Así se ilumina también el misterio de la Encarnación del Hijo, en relación con los creyentes y con la Iglesia, también por obra del Espíritu Santo. Dice de hecho Jesús: “En aquel día (cuando los Apóstoles reciban el Espíritu de verdad) conoceréis (no solamente) que yo estoy en el Padre, (sino también que) vosotros (estáis) en mí y yo en vosotros” (Jn 14, 20). La Encarnación es, pues, el fundamento de nuestra filiación divina por medio de Cristo, es la base del misterio de la Iglesia como cuerpo de Cristo.
Pero aquí es importante hacer notar que la Encarnación, aunque hace referencia directamente al Hijo, es “obra” de Dios Uno y Trino (Concilio Lat. IV). Lo testimonia ya el contenido mismo de la anunciación (Lc 1, 26-38). Y después, durante todas sus enseñanzas, Jesús ha ido “abriendo perspectivas cerradas a la razón humana” (Gaudium et Spes, 24), las de la vida íntima de Dios Uno en la Trinidad del Padre, del Hijo y del Espíritu Santo.
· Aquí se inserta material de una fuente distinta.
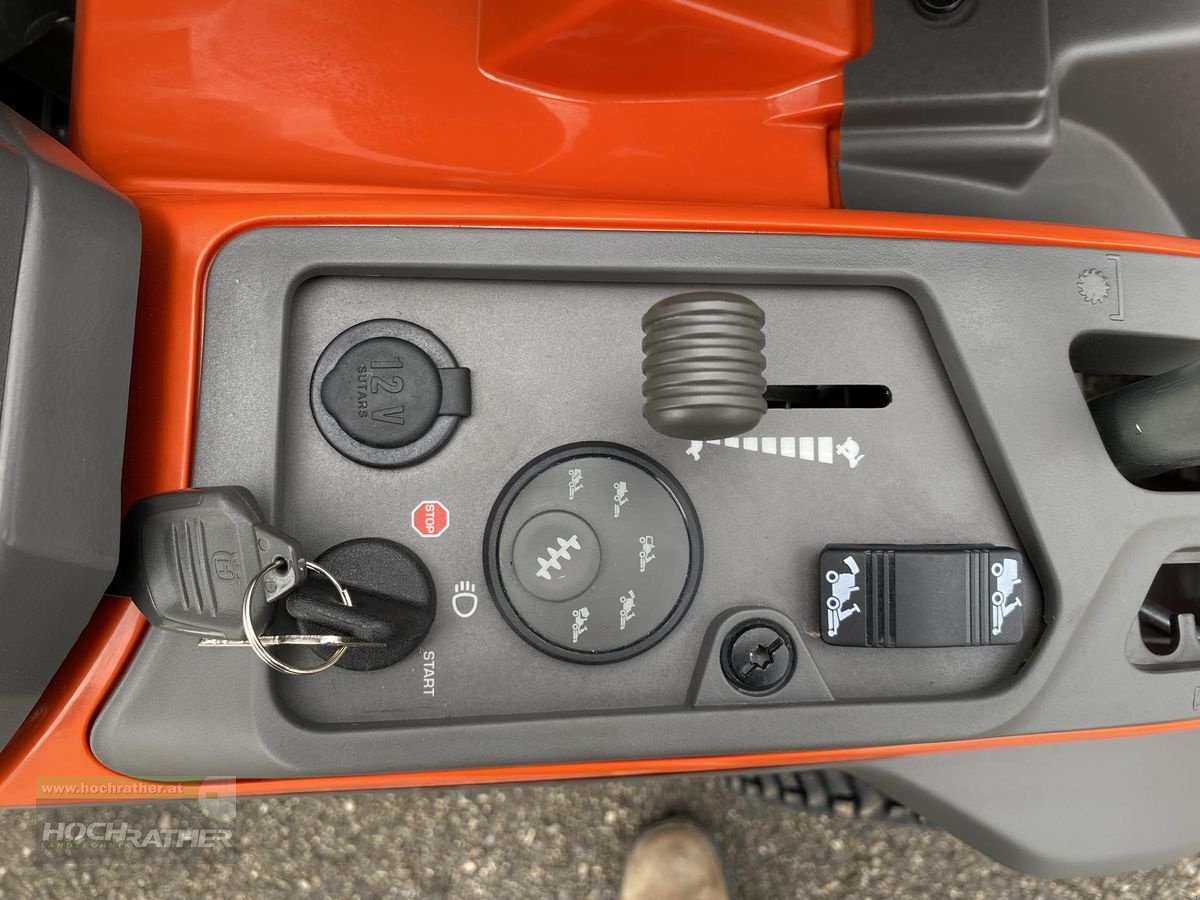 Rasentraktor des Typs Husqvarna Rider 320Ts AWD, Neumaschine in Kronstorf (Bild 11)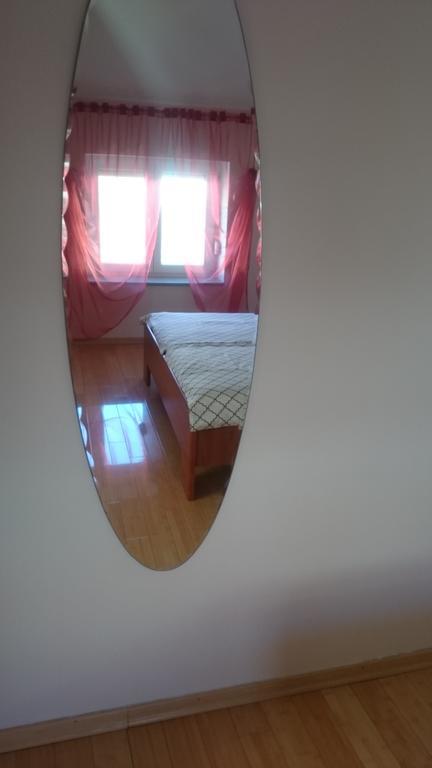Apartment Tisno Exterior photo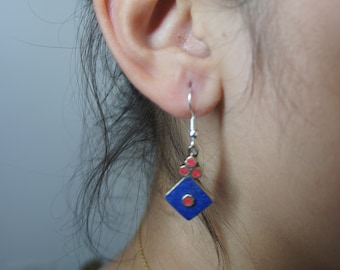 Boucles d'oreilles Tibétaines Lapis Lazuli, crochets, fait à la main au Népal.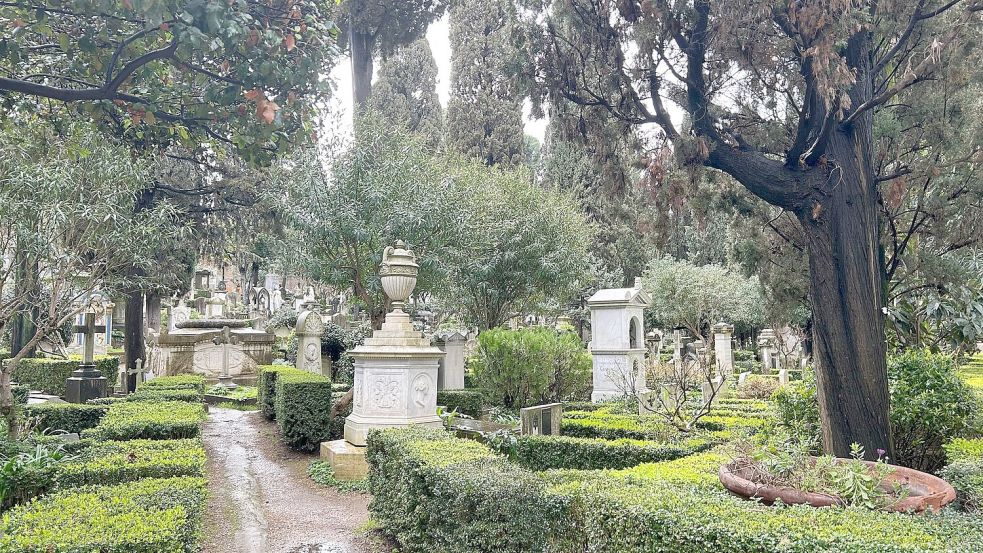 Wegen des Diebstahls von mehr als 350 Bilder verstorbener Frauen auf Friedhöfen muss ein Italiener ins Gefängnis. (Foto: Archiv) Foto: Christoph Sator/dpa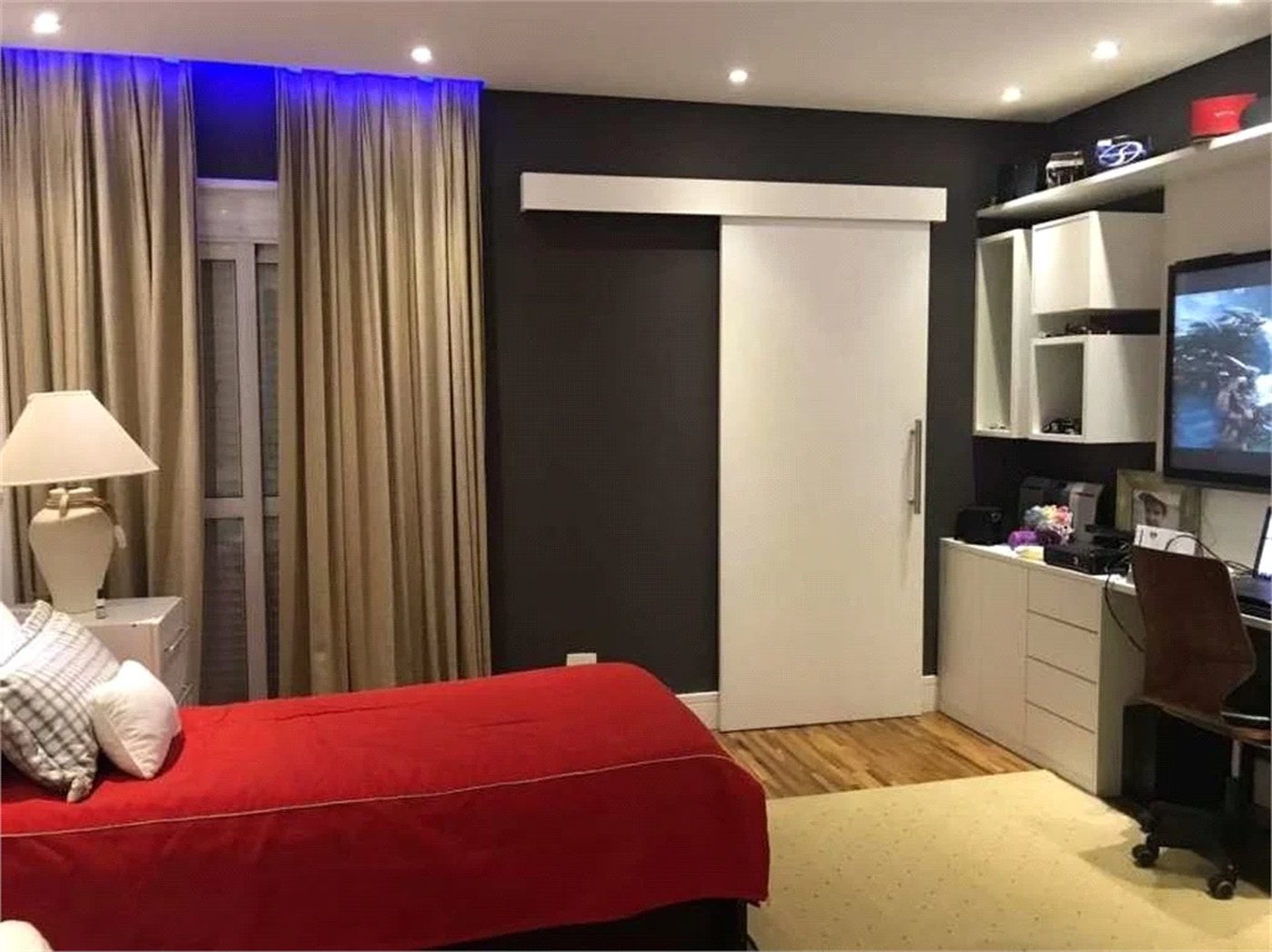Casa à venda com 4 suítes em Vila São Silvestre, São Paulo, SP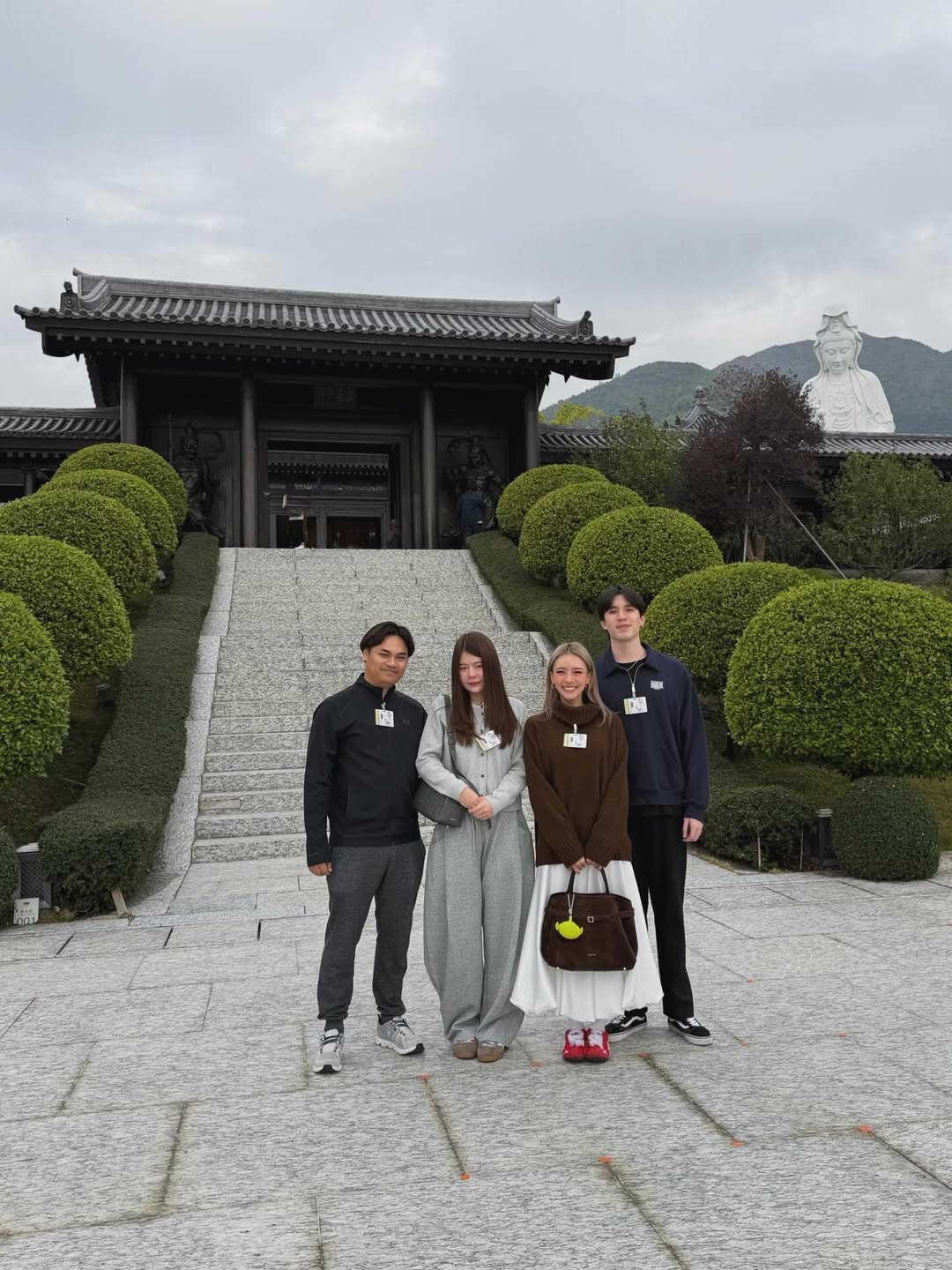 แพรวา - ณิชาภัทร ฉัตรชัยพลรัตน์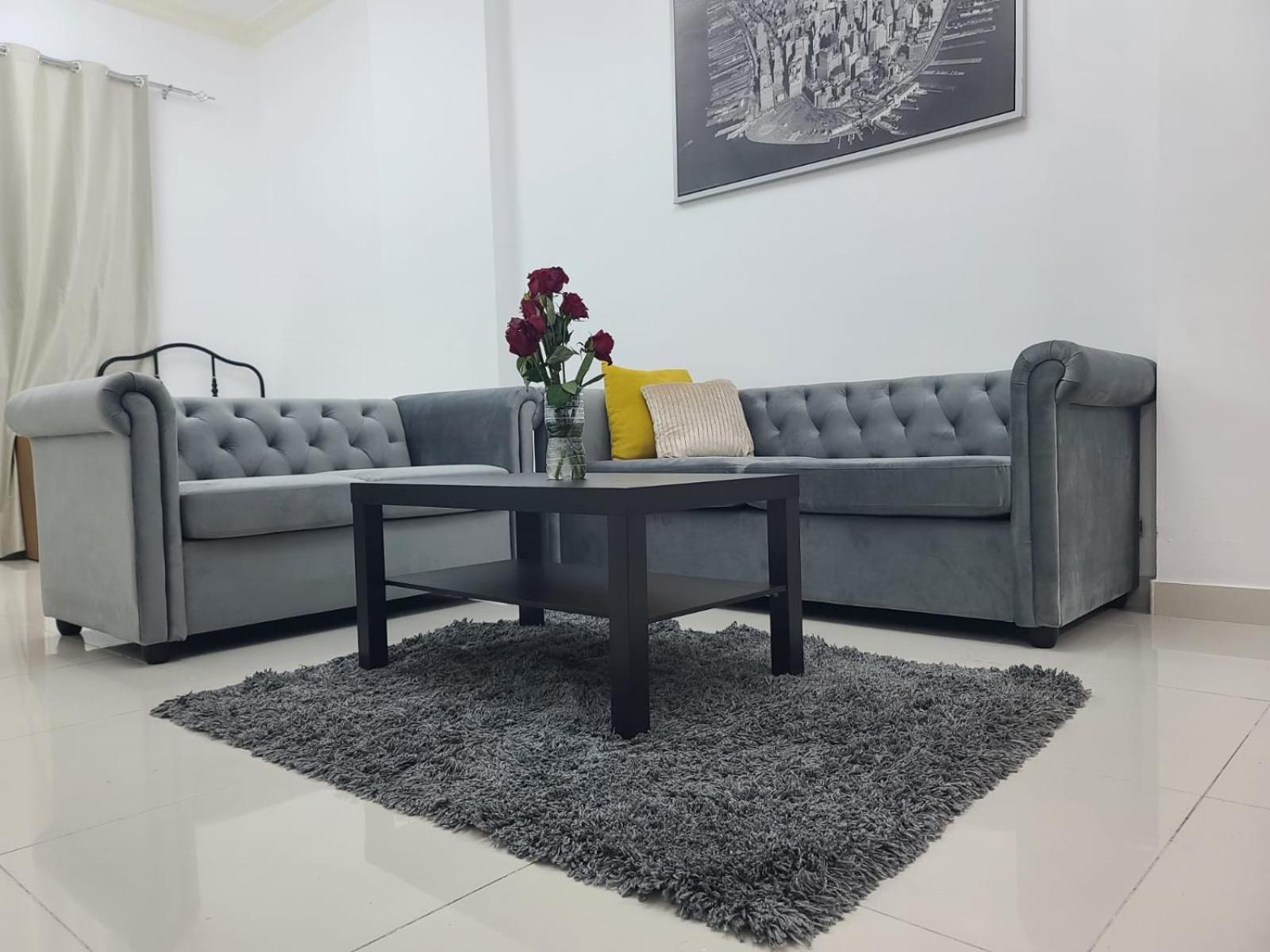Budget Rental Studio Apartments In Dubai Exterior photo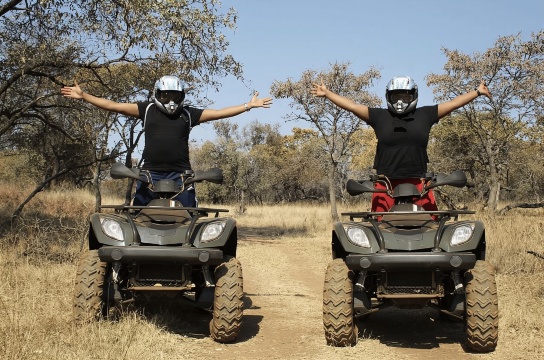 瑪洛斯帕克越野四輪電單車探險1小時
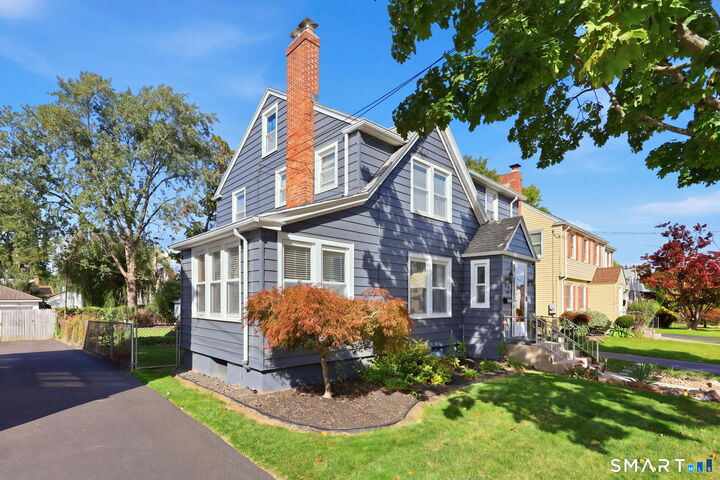 Property Photo:  108 Cromwell Street  CT 06114 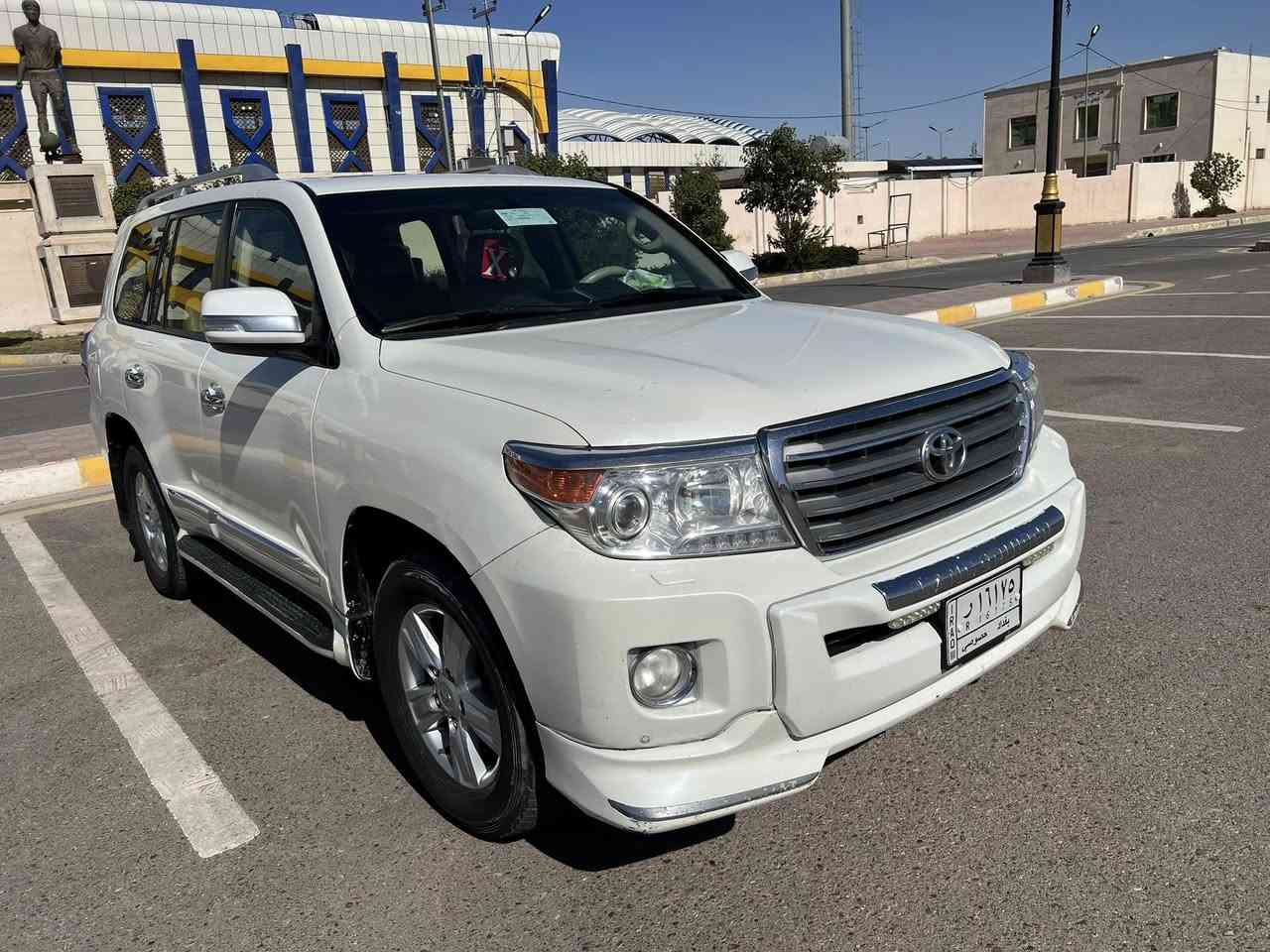 السلام عليكم
جكسارة للبيع موديل 13 فول مواصفات تحويل مباشر 
السونار واضح السعر 330 ورقه بيها مجال للشراي 
المكان الرمادي حي الجمهوري 
للاتصال *********** 📞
Finalmente, cumplida su misión mesiánica, Jesús, al dejar definitivamente a los Apóstoles, cuarenta días después del día de la resurrección, realizó hasta el final lo que había anunciado: “Como me envió mi Padre, así os envío yo” (Jn 20, 21). De hecho, les dice: “Id, pues; enseñad a todas las gentes, bautizándolas en el nombre del Padre, y del Hijo, y del Espíritu Santo” (Mt 28, 19).
Con estas palabras conclusivas del Evangelio, y antes de iniciarse el camino de la Iglesia en el mundo, Jesucristo entregó a ella la verdad suprema de su revelación: la indivisible Unidad de la Trinidad.
Y desde entonces, la Iglesia, admirada y adorante, puede confesar con el evangelista Juan, en la conclusión del prólogo del IV Evangelio, siempre con la íntima conmoción: “A Dios nadie le vio jamás; Dios unigénito, que está en el seno del Padre, ése lo ha dado a conocer” (Jn 1, 18).